### REQUIRED ACTION
Exact copy, no pictures: return only the lines below from the line with "Das neue Callcenter" up to and including the line with "Coronavirus, nell'aeroporto di".

### MATERIAL FOR THIS EXERCISE
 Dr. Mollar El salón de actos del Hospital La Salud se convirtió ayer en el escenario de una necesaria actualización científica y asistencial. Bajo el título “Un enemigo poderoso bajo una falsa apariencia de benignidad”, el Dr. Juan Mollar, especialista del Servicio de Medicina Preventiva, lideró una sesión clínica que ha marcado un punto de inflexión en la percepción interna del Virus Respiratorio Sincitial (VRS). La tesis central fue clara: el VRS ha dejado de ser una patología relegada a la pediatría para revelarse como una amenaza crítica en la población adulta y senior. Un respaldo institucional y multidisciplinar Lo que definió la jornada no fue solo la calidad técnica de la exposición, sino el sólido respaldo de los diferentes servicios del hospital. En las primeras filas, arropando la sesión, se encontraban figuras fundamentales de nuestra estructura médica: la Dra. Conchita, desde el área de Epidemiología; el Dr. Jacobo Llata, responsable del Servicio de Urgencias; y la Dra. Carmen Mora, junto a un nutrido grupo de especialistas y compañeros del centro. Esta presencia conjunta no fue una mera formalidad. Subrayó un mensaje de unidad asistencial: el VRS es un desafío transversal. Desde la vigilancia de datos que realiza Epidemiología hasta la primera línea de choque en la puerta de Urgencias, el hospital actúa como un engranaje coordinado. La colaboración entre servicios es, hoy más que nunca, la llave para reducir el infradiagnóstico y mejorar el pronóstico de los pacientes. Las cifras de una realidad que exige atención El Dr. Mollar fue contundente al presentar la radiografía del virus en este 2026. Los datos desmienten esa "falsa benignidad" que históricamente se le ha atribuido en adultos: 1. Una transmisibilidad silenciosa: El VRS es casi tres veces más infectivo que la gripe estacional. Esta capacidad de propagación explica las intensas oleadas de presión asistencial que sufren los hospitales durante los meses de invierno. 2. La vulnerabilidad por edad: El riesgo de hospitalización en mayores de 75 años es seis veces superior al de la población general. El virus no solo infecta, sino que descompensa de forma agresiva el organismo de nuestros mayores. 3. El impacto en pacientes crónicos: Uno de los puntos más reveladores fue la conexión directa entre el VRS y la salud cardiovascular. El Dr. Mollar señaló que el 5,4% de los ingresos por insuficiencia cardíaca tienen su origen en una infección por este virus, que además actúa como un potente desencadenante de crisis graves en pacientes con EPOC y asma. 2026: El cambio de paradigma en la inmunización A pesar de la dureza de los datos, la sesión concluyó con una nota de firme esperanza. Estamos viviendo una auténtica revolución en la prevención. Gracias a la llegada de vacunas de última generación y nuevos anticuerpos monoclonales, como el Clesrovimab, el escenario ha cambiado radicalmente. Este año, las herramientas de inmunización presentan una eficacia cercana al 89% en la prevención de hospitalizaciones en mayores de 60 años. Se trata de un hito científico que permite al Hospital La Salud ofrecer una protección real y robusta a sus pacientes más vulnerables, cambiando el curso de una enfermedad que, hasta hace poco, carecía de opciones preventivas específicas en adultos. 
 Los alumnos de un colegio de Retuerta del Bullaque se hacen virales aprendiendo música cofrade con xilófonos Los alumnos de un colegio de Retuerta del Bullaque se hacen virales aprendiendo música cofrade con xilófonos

...

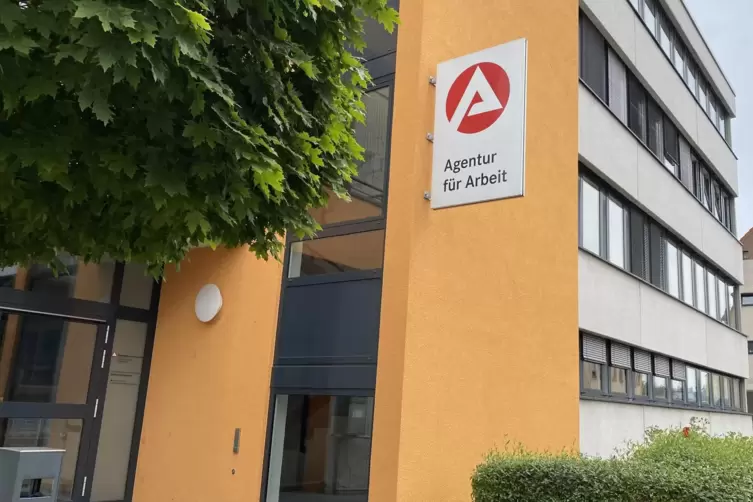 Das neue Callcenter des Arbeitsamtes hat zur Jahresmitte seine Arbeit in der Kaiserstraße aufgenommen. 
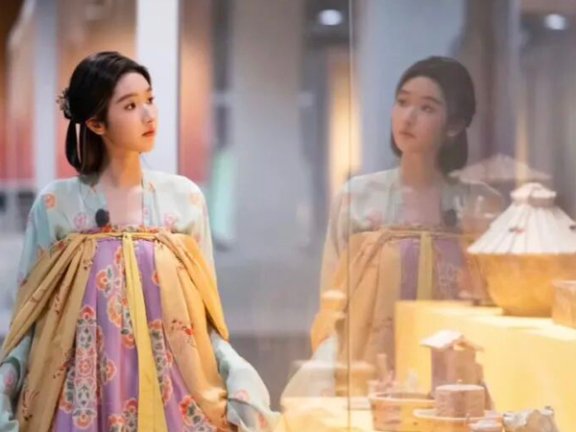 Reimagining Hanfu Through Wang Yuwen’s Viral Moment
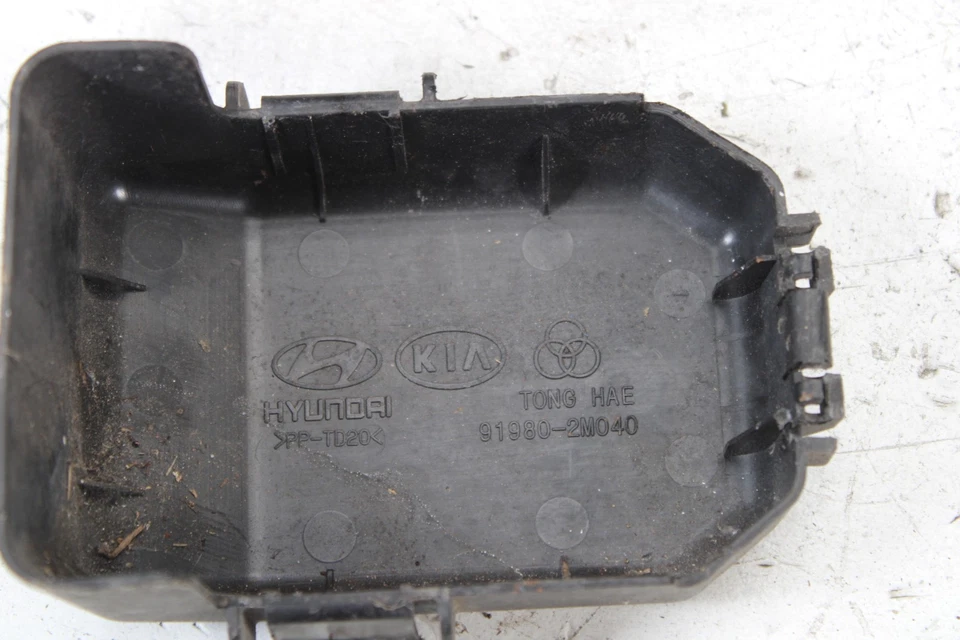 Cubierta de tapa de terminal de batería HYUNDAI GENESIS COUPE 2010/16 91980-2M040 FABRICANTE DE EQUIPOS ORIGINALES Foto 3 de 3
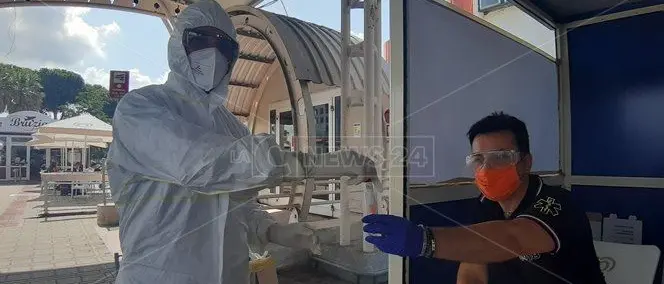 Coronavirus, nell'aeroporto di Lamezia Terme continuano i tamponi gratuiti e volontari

==

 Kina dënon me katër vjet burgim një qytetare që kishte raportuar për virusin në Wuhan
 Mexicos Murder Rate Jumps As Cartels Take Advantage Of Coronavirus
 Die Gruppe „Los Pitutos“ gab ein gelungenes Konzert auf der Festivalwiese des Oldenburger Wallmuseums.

### ANSWER BOX
 Das neue Callcenter des Arbeitsamtes hat zur Jahresmitte seine Arbeit in der Kaiserstraße aufgenommen. 
 Reimagining Hanfu Through Wang Yuwen’s Viral Moment
 Cubierta de tapa de terminal de batería HYUNDAI GENESIS COUPE 2010/16 91980-2M040 FABRICANTE DE EQUIPOS ORIGINALES Foto 3 de 3
 Coronavirus, nell'aeroporto di Lamezia Terme continuano i tamponi gratuiti e volontari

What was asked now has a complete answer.